Architetture del Romanico pisano con il simbolo dell'ariete

Piazza del Duomo e la costellazione dell'ariete secondo
lo studio di Massimo Adami "Pisa città dell'Ariete".
 Pelasgi è anche il nome degli Eber (Eburones), popolazione pre-greca il cui ricordo era ancora vivo in epoca classica. Omero cita i Pelasgi di Creta (Od. XIX 178). Anche Erodoto conosce i Pelasgi e li descrive come gente che parlava una lingua non greca e che viveva nella città di Crestone (vicino Salonicco). Pelasgos, secondo la "Periegesi della Grecia" di Pausania (110-180 dC), fu il primo uomo “(…) egli generò i Pelasgi, venne dall’Arcadia e insegnò come costruire capanne, come nutrirsi di ghiande e come cucire tuniche simili a quelle indossate dal popolo degli Eburones”. 



Le Danaidi
di 
John William Waterhouse,1902


Erodoto scrisse che le 50 figlie di Danao (Danaidi, protagoniste di mitologiche vicende da cui sarebbe derivata l'origine del popolo dei Danai, cioè i Greci) portarono i misteri di Demetra-Iside in Grecia, divulgandoli solo alle donne dei Pelasgi. Questi misteri furono conservati solo presso gli Arcadi della tribù degli Alfei. Il racconto di Erodoto, messo in scena anche da Eschilo nella trilogia delle Danaidi, è un fil rouge che collega gli Eburones agli Arcadi della tribù di Giacomo d'Alfeo ovvero forse alla consorteria sacerdotale dei Mi Beth El arrivata a Pisa dopo il 70 dC con Tito Flavio e successivamente conosciuta come i "Da Pisa" dal 1007, secondo la Jewish Enciclopedia (1906).

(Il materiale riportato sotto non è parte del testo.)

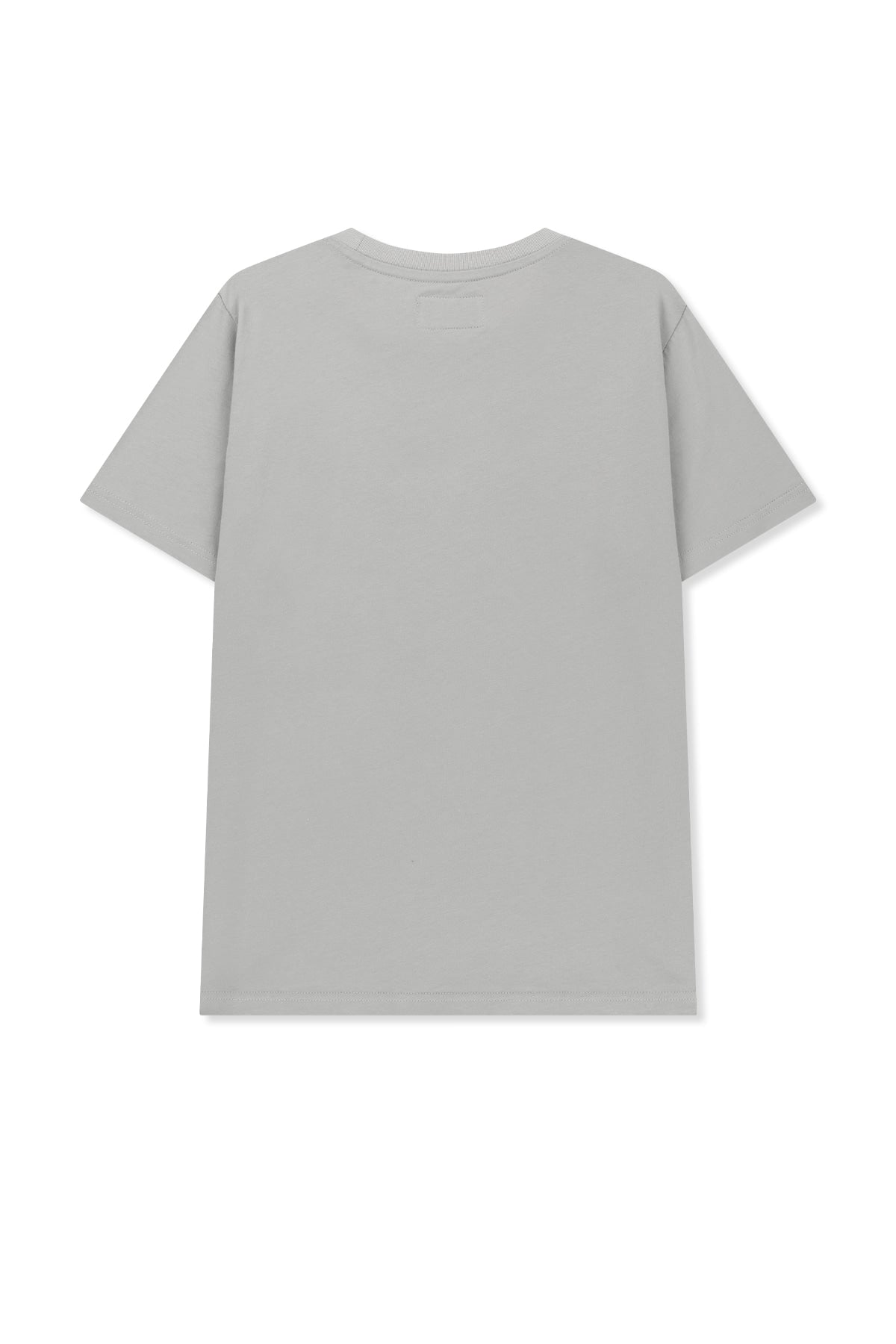 Matin Kim - Applique Felt Logo Top (Grey) product image 2 | TRAB K-Fashion Australia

 York come Ivry deriva da "Eburiacum", luogo degli Eburones, detti talvolta Biturigi o Biturgi (in lingua latina Bituriges), ovvero il "popolo dei tassi" (Cesare, De bello gallico, VI, 16-28), che fu un'antica tribù celtica, abitante nelle fertilissime campagne al centro della Gallia. I Biturigi si definivano "i re del mondo": il termine era fatto derivare da bitu (o byth, byd), che significa "mondo", e dal plurale della parola rix, rigi, "re". Questo forse è il motivo per cui schiere di intellettuali (che si definivano Pastori Arcadi della Colonia Alfea) si siano avvicendati e affannati nella ricerca dei fili conduttori e degli indizi di una storia leggendaria tra la fine cinquecento e l'inizio del novecento.